"Multicultural Policy Should Conform With International Human Rights Standards"
- Adoption of “Seoul Guidelines on the Cooperation of NHRIs for the Promotion and Protection of Migrant Rights in Asia”
The International Conference on Human Rights of Migrants and Multicultural Society - Dignity and Justice for All Migrants, in commemoration of the 60th Anniversary of the Universal Declaration of Human Rights (UDHR), was held from November 10 to 12, 2008. The conference culminated in the adoption of the ‘Seoul Guidelines on the Cooperation of National Human Rights Institutions (NHRIs) for the Promotion and Protection of Migrant Rights in Asia.’
The Seoul Guidelines include a variety of principles and procedures for ensuring the human rights of migrants through international cooperation among NHRIs in countries of origin and destination. Included in the Guidelines are specific mechanisms and activities aimed at promoting cooperation of NHRIs in Asia on migrant issues. These include the prevention of human rights infringements through enhanced human rights education provided to migrants by NHRIs in both the countries of origin and destination; development and enhancement of effective procedures and systems of relief in the event of human rights violations; enhancement of human rights promotion through the international exchange of NHRI officers; collaborative campaigns aimed at promoting the ratification of the International Convention on the Protection of the Rights of All Migrant Workers and Members of their Families; and active participation in international human rights mechanisms regarding migrants.
Through the Seoul Guidelines, Conference participants resolved to implement specific programs for the protection of the rights of migrants in countries of origin and destination, and to hold annual meetings to exchange best practices and lessons-learned in the process of implementing the Seoul Guidelines. (The official name of this annual meeting will be the 'Seoul Process').
The NHRCK, in accordance with the Seoul Guidelines, will seek to establish cooperative agendas with countries of origin, such as Mongolia, Indonesia, and Nepal, by signing Memoranda of Understanding (MOUs) with their respective NHRIs.

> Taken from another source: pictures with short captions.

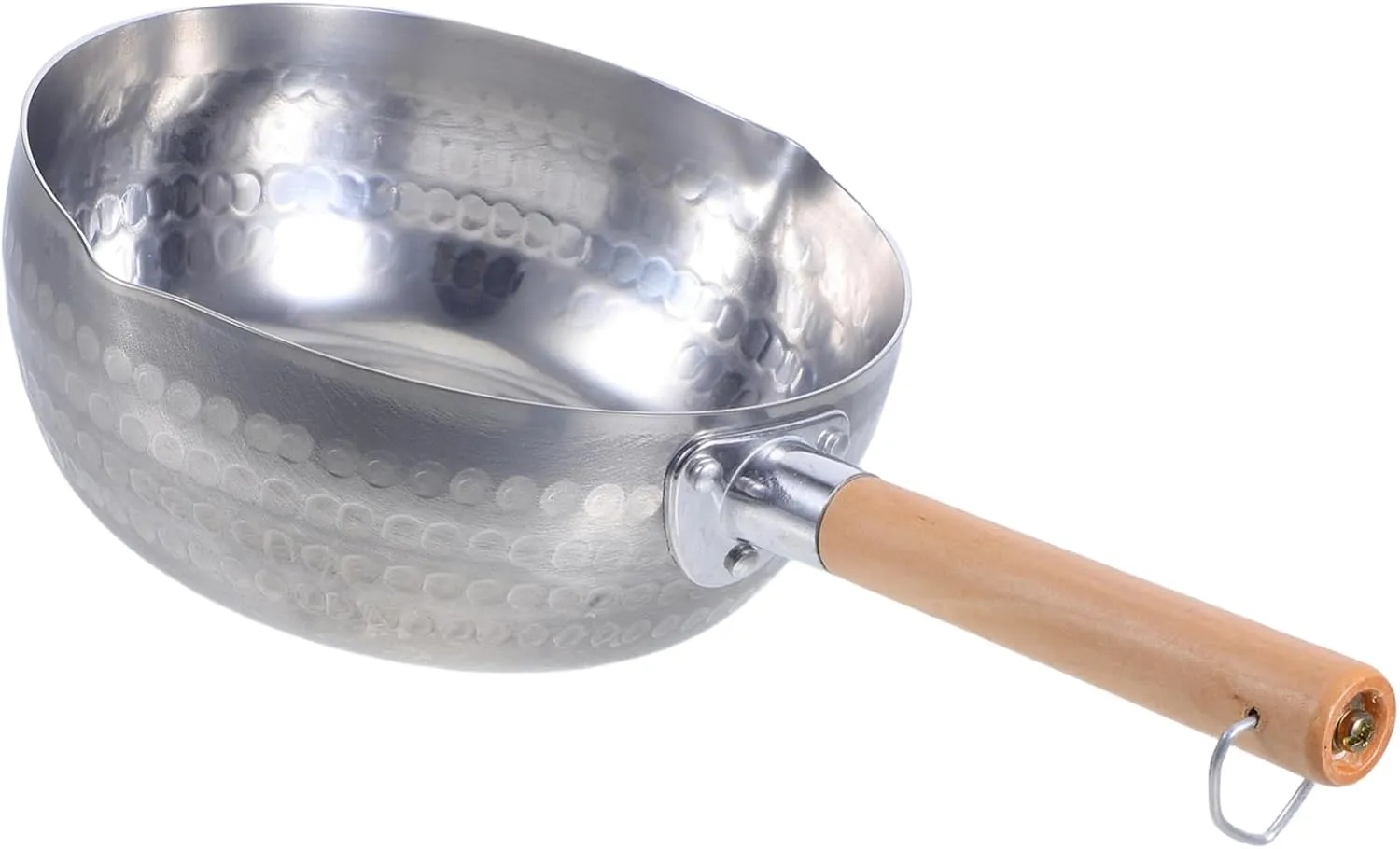 Japanese Style Camping Frying Pan Thickened Aluminum Flat Bottom Wooden Handle V-shaped Spouts Stove Pot Outdoor Cooking Pan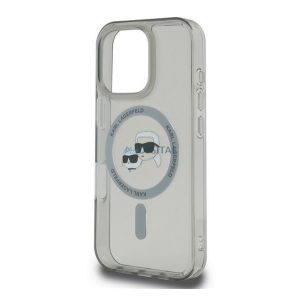KARL LAGERFELD IML K&CH HEADS METAL FRAME MAGSAFE szilikon telefonvédő (ütésállóság, kameravédő, MagSafe) FEKETE Apple iPhone 16 Pro Max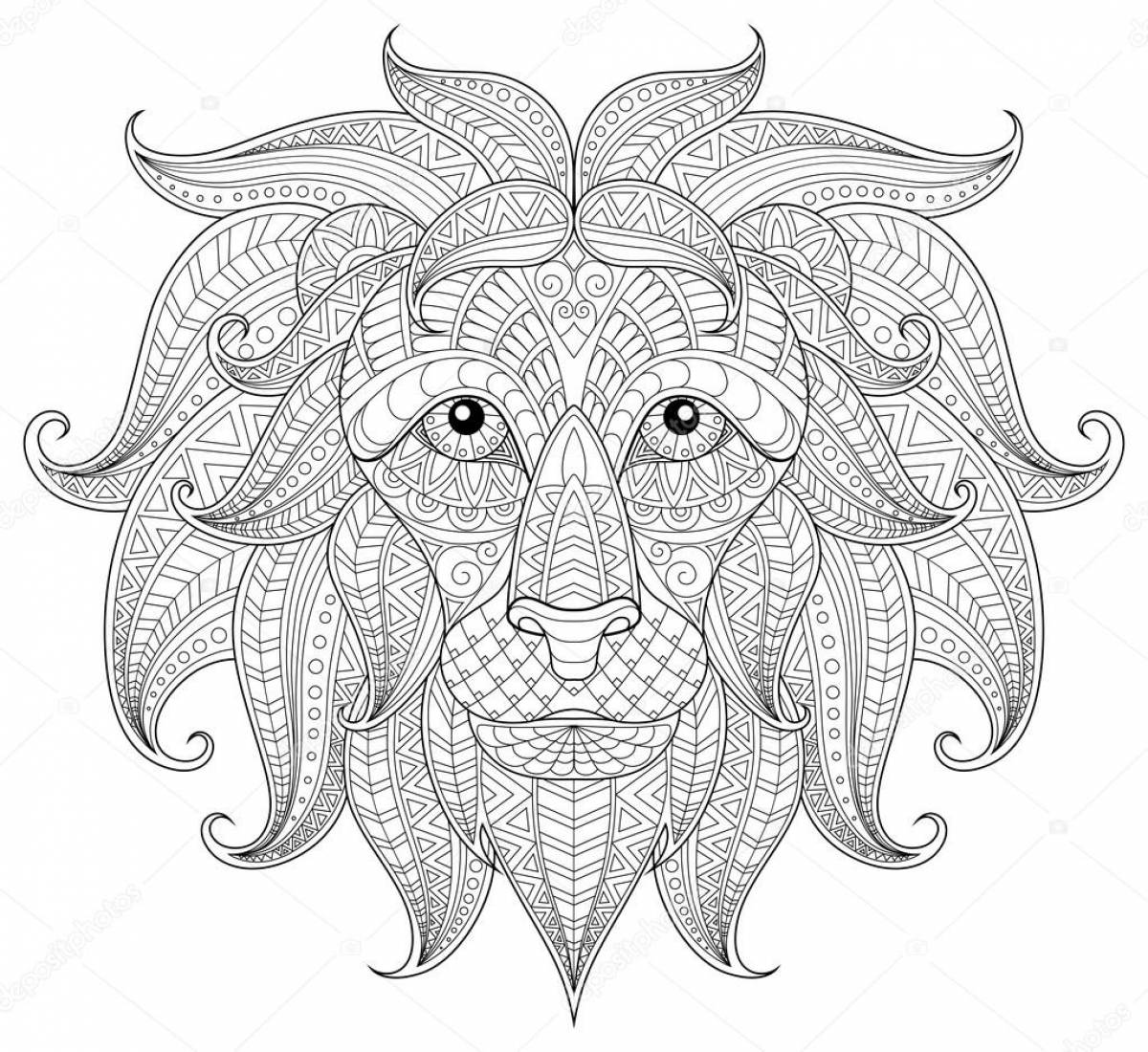 Antistress lion with a pattern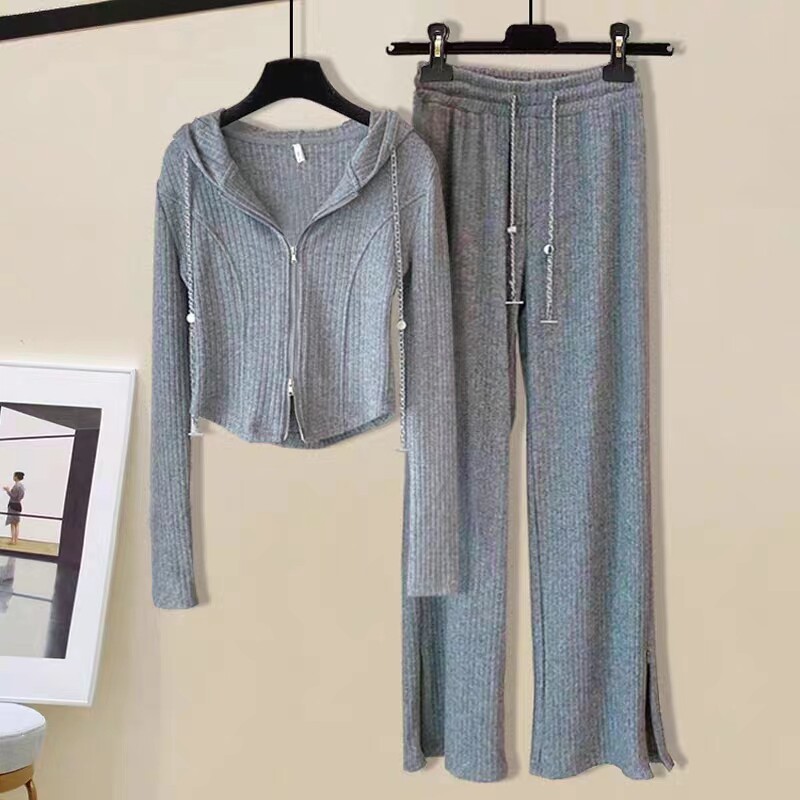 여성을위한 게으른 스타일 스포츠 정장 2024 가을 새로운 슬림 후드 긴팔 탑 캐주얼 바지 패션 투피스 세트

Meanwhile, the Seoul Statement, adopted along with the Seoul Guidelines, states that “Migration is a global phenomenon shaped by wider economic, social and political processes. Hence, policy discussions about migration must be located within a normative framework that recognizes the full range of all human rights of all people.” The Statement stresses that the growth of migrant communities should be regarded as an opportunity to understand and respect multicultural society. Furthermore, migrants should not be considered as merely a cheap labor force; they should be guaranteed fundamental rights in accordance with international human rights standards and the Korean Constitution. It also states, “NHRIs have a key role to play with respect to protecting and promoting the rights of migrants not only in terms of filling domestic protection gaps but also in terms of serving as a critical link between migrant communities, the state, and international human rights mechanisms.”
Approximately 150 human rights experts from government, academia and civil society participated in the conference. The Keynote Speech was delivered by Mr. Bertrand G. Ramcharan, Ph.D., Professor of the Geneva Graduate Institute of International Studies and Former Acting UN High Commissioner for Human Rights. Chairpersons and Commissioners of the National Human Rights Commissions of Nepal, Thailand, Malaysia, and Indonesia also participated. Discussions focused on Concepts and Policies on Migration and Multicultural Society in ASEAN, Canada, Europe, and Korea; the Relationship between Multicultural Society, Human Rights, and the Role of NHRIs; and the importance of the coordination of NHRIs and international human rights standards.
On the evening of November 11, representatives of NHRIs and Conference participants visited a number of Asian Migrant Communities in Gyeonggi Province and listened to the experiences of migrant workers residing in Korea.
The Commission selected ‘Human Rights Protection in a Multicultural Society’ as its primary agenda for 2008 and it has led a variety of projects on that theme. Following the Conference and the adoption of the Seoul Guidelines, the Commission will continue to work for the promotion and protection of migrant rights through various long-term action plans, including the continued development of international cooperation.